• **Problem**
Exact transcription of the following records is needed, with every picture dropped.

[Data excerpts]
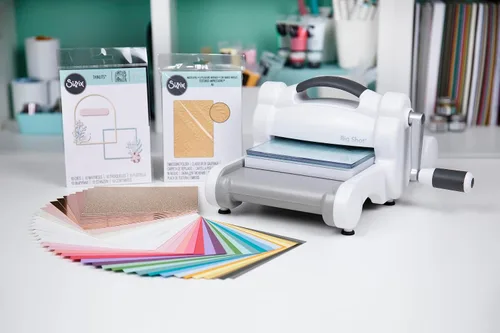 Vista 3 de Sizzix Kit de inicio Big Shot (6"), blanco/gris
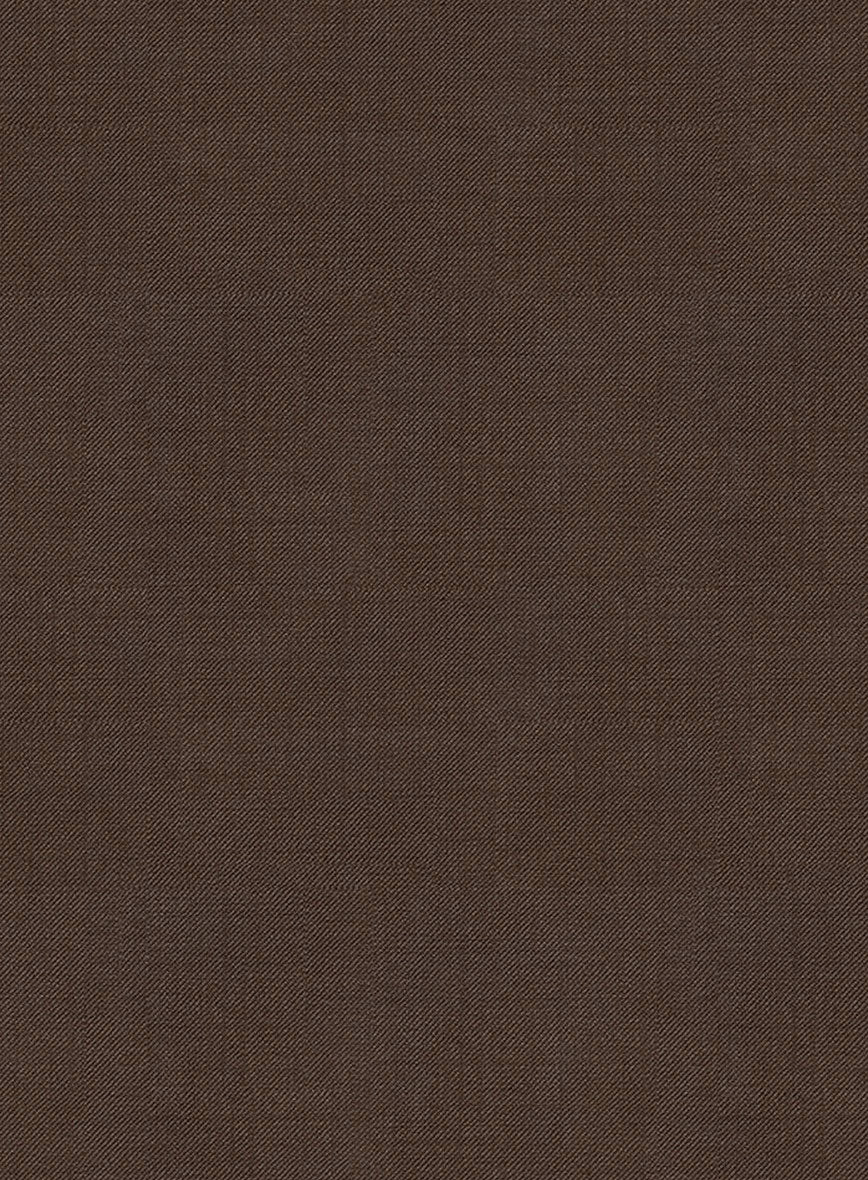 Worsted Brown Wool Ivory Bar Trouser - Image 2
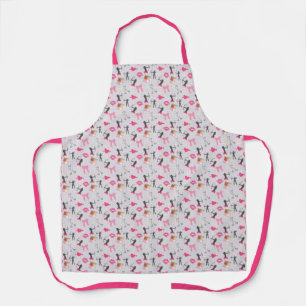 Girls Archery - Girly Hearts and Makeup Apron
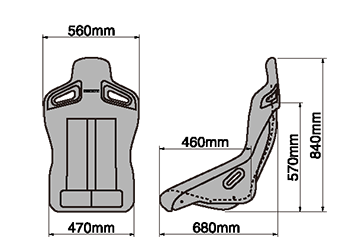 フルバケ ブリッド エアー FRP製シェル ブラック レッド F86ASF F86BSF BRIDE A.i.R. AIR 車検対応 フルバケットシート | BRIDE | 04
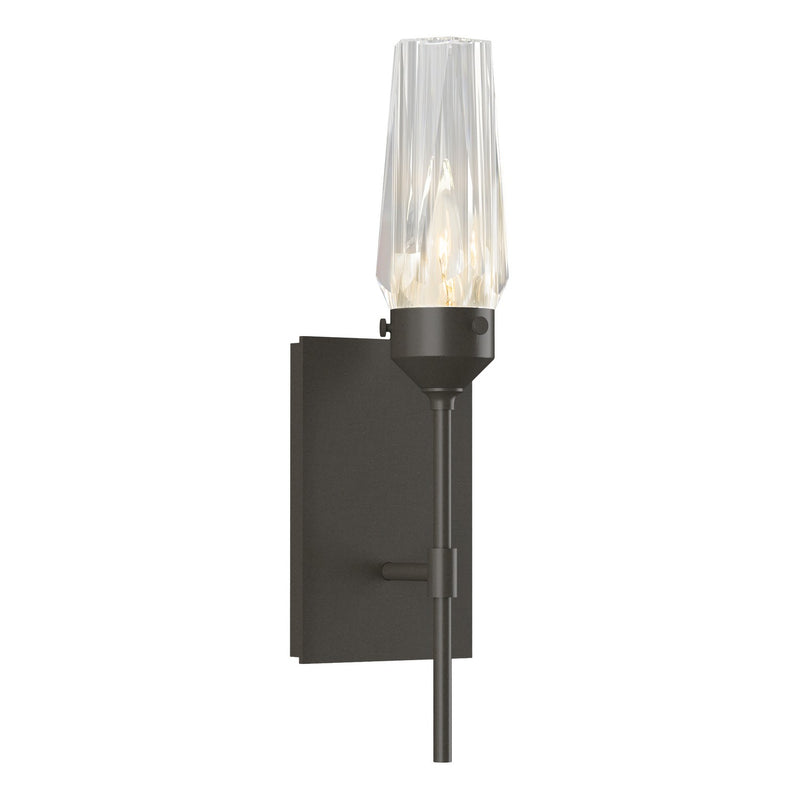 Hubbardton Forge 203335-SKT-07-CR One Light Wall Sconce, Dark Smoke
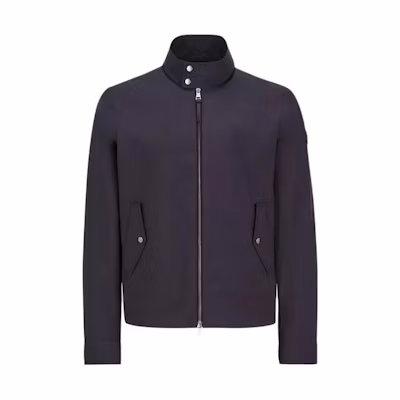 Moncler Chaberton Navy Blue High-Neck Short Jacket for Men J10911A00142597IF779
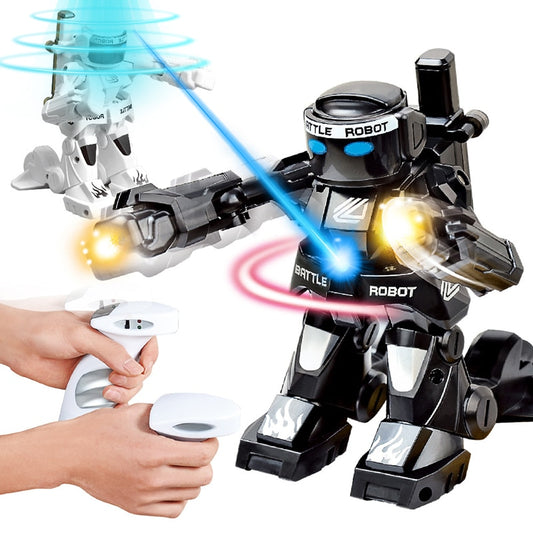 RC Combat Battle Robot Toy - Remote Control with LED Lights & Sound Effects - GoTypical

• **Result below**
 Vista 3 de Sizzix Kit de inicio Big Shot (6"), blanco/gris
 Worsted Brown Wool Ivory Bar Trouser - Image 2
 Girls Archery - Girly Hearts and Makeup Apron
 フルバケ ブリッド エアー FRP製シェル ブラック レッド F86ASF F86BSF BRIDE A.i.R. AIR 車検対応 フルバケットシート | BRIDE | 04
 Hubbardton Forge 203335-SKT-07-CR One Light Wall Sconce, Dark Smoke
 Moncler Chaberton Navy Blue High-Neck Short Jacket for Men J10911A00142597IF779
 RC Combat Battle Robot Toy - Remote Control with LED Lights & Sound Effects - GoTypical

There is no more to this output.